WHAT YOU SHOULD DO
For the material below, the expected output is exactly the lines between the line holding "Модуль пам'яті для" and the line holding "Loving Pets Dolce", inclusive, with pictures left out.

DATA SUPPLIED
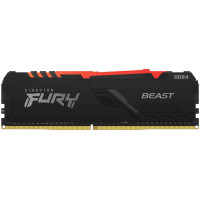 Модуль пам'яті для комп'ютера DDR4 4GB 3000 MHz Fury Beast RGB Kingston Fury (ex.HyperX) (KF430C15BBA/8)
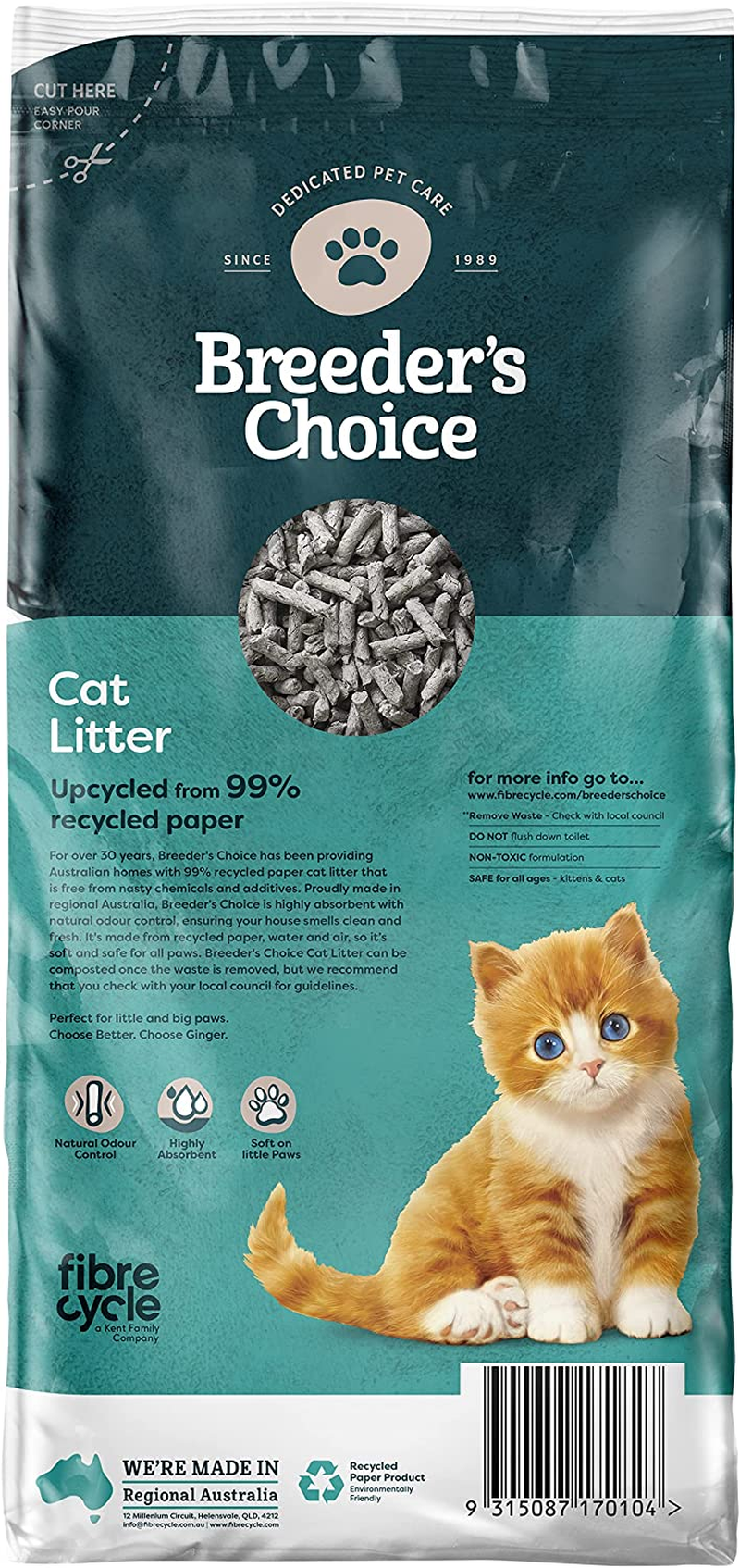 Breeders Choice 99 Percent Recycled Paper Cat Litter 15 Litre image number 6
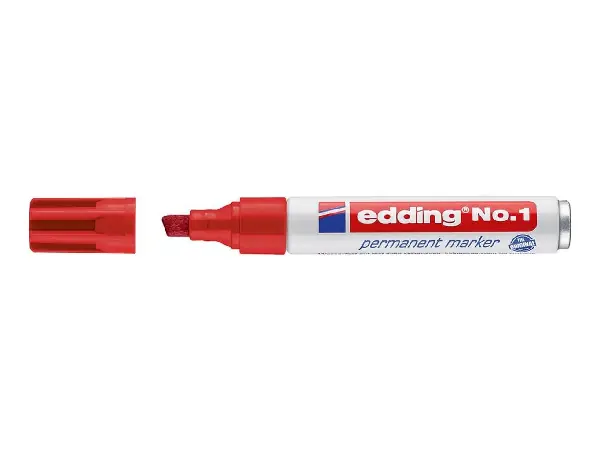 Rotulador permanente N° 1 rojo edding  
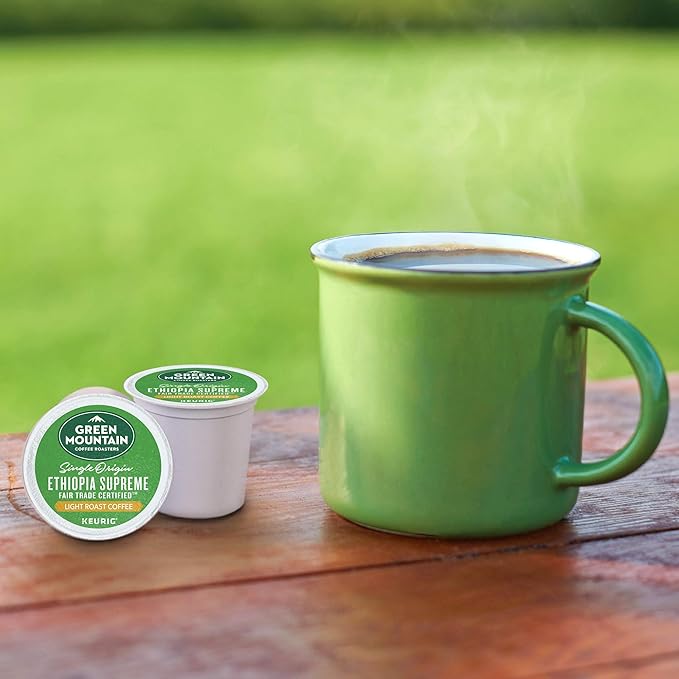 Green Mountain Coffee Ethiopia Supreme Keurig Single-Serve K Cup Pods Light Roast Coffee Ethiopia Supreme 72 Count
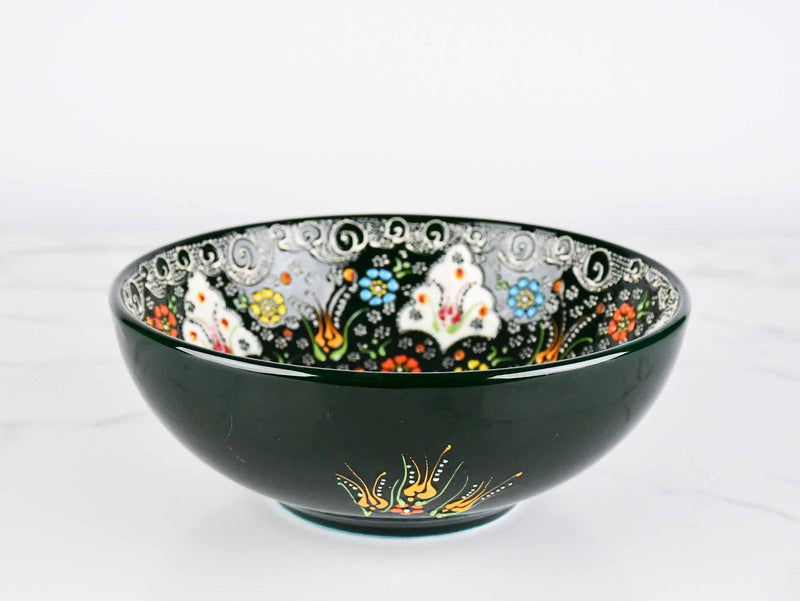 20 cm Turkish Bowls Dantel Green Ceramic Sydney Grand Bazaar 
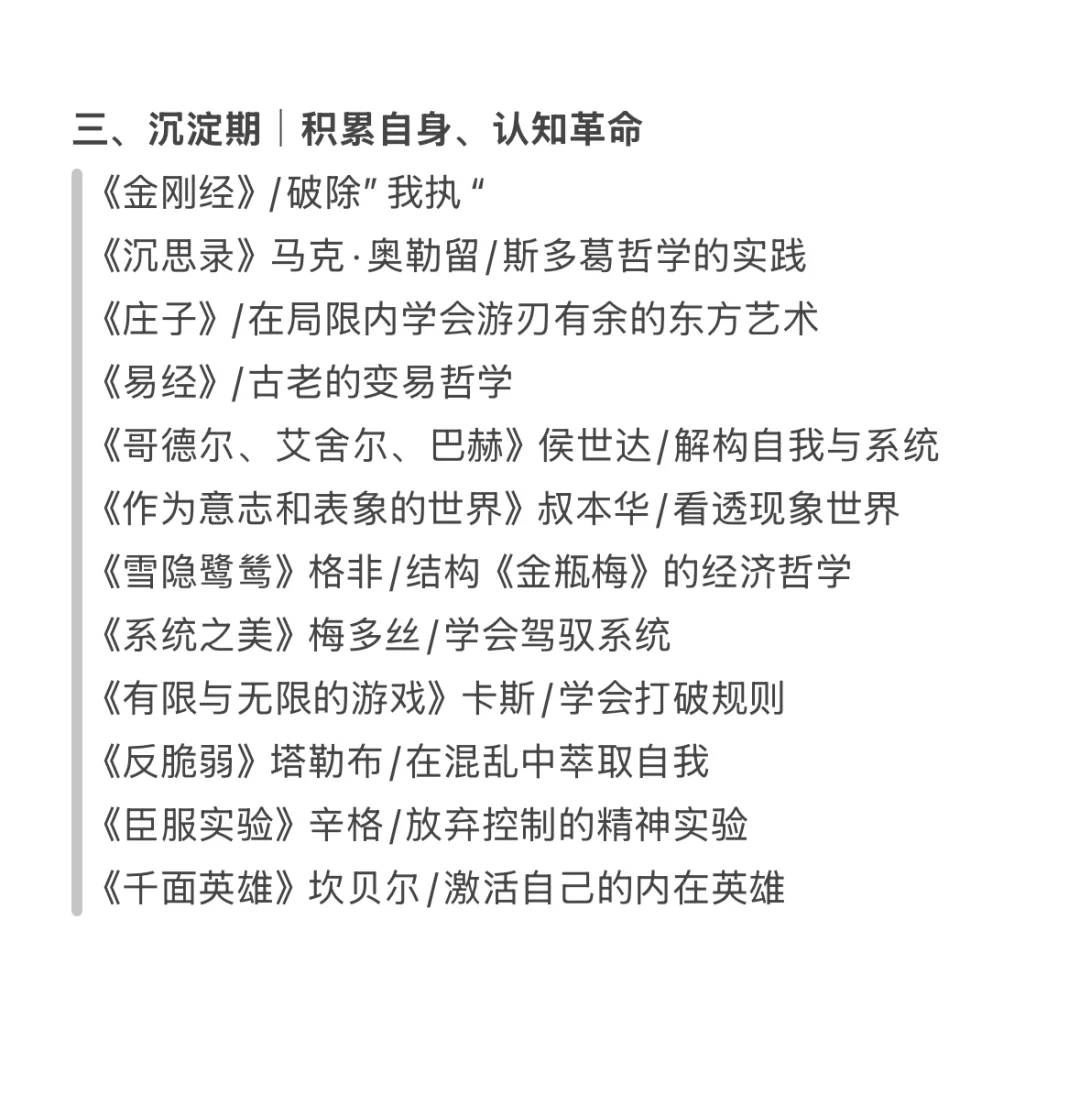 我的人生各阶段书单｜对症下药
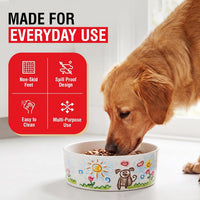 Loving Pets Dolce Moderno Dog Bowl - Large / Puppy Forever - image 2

==

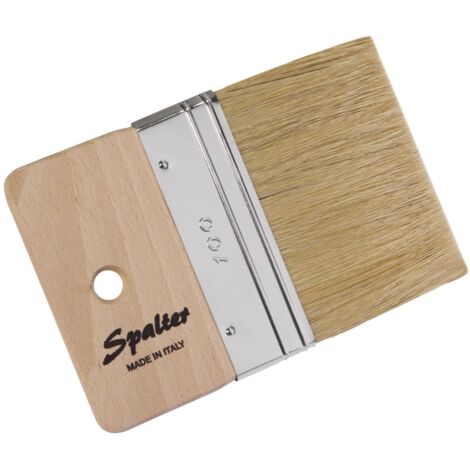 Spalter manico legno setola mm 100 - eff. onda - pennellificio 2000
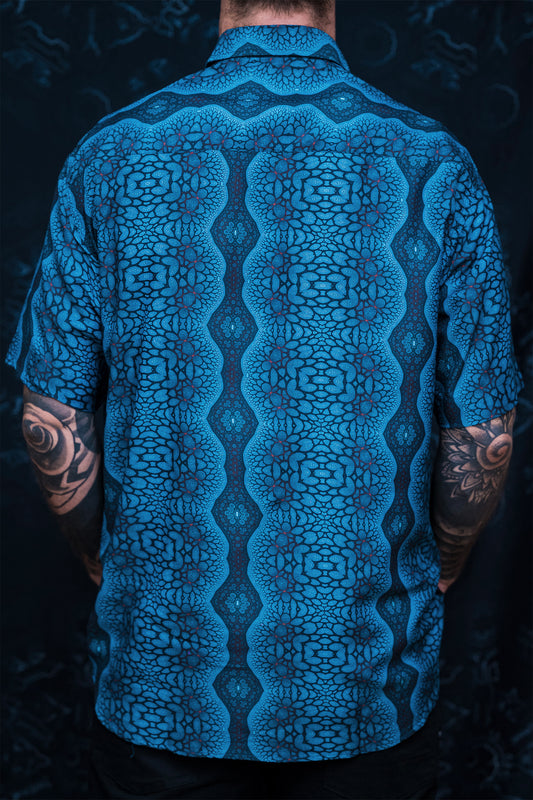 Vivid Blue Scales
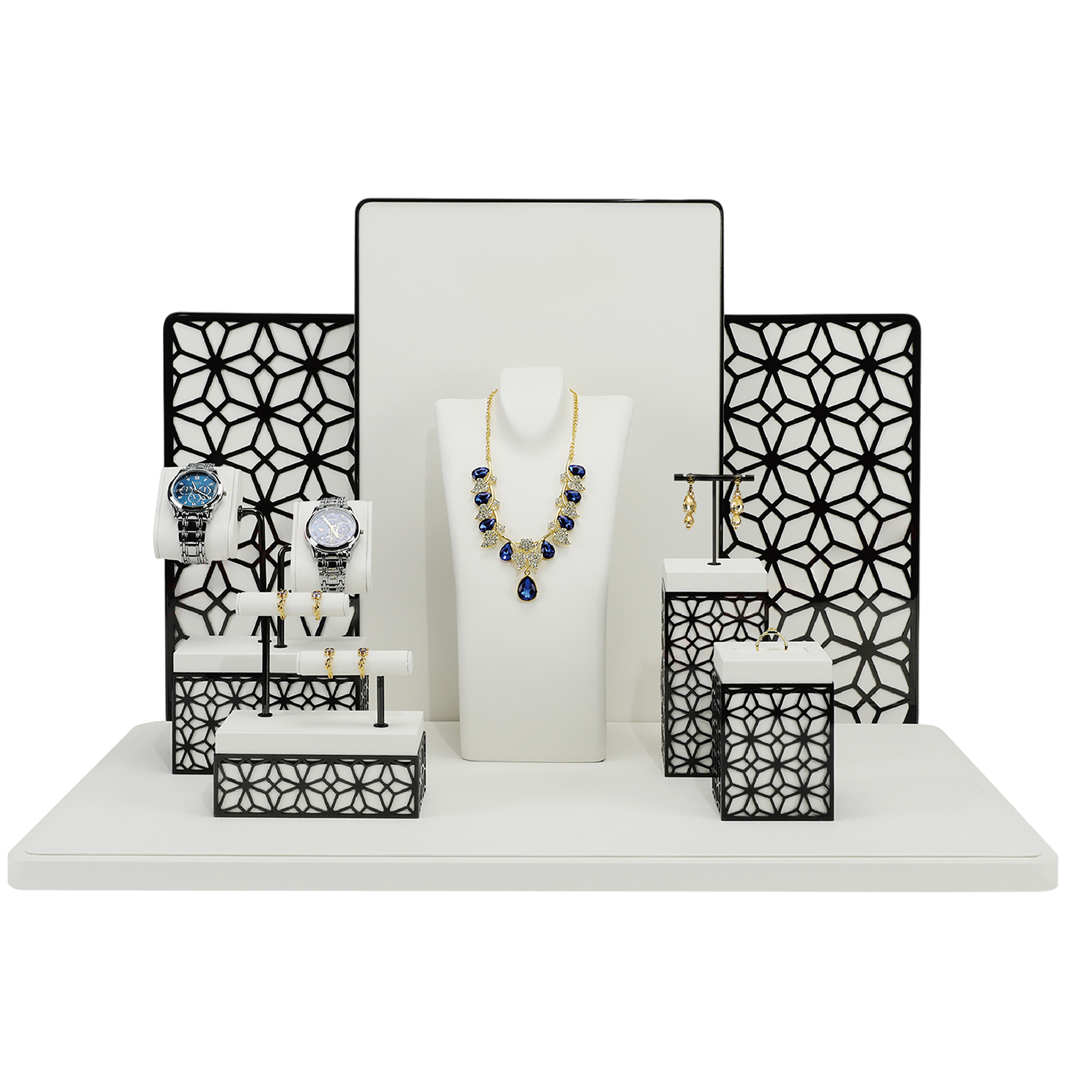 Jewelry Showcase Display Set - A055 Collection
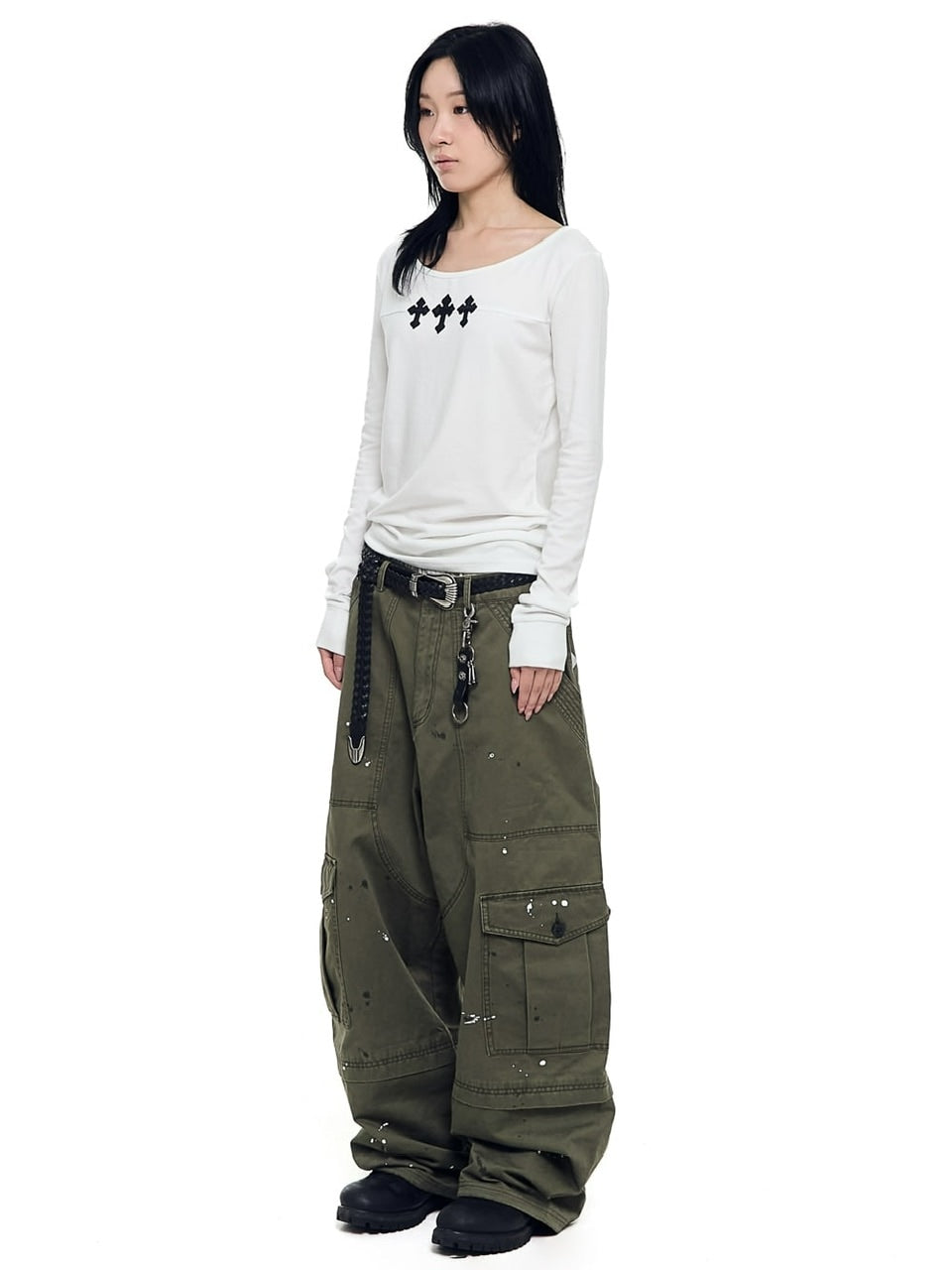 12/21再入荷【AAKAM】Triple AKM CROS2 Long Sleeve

WRITTEN RESPONSE
 Модуль пам'яті для комп'ютера DDR4 4GB 3000 MHz Fury Beast RGB Kingston Fury (ex.HyperX) (KF430C15BBA/8)
 Breeders Choice 99 Percent Recycled Paper Cat Litter 15 Litre image number 6
 Rotulador permanente N° 1 rojo edding  
 Green Mountain Coffee Ethiopia Supreme Keurig Single-Serve K Cup Pods Light Roast Coffee Ethiopia Supreme 72 Count
 20 cm Turkish Bowls Dantel Green Ceramic Sydney Grand Bazaar 
 我的人生各阶段书单｜对症下药
 Loving Pets Dolce Moderno Dog Bowl - Large / Puppy Forever - image 2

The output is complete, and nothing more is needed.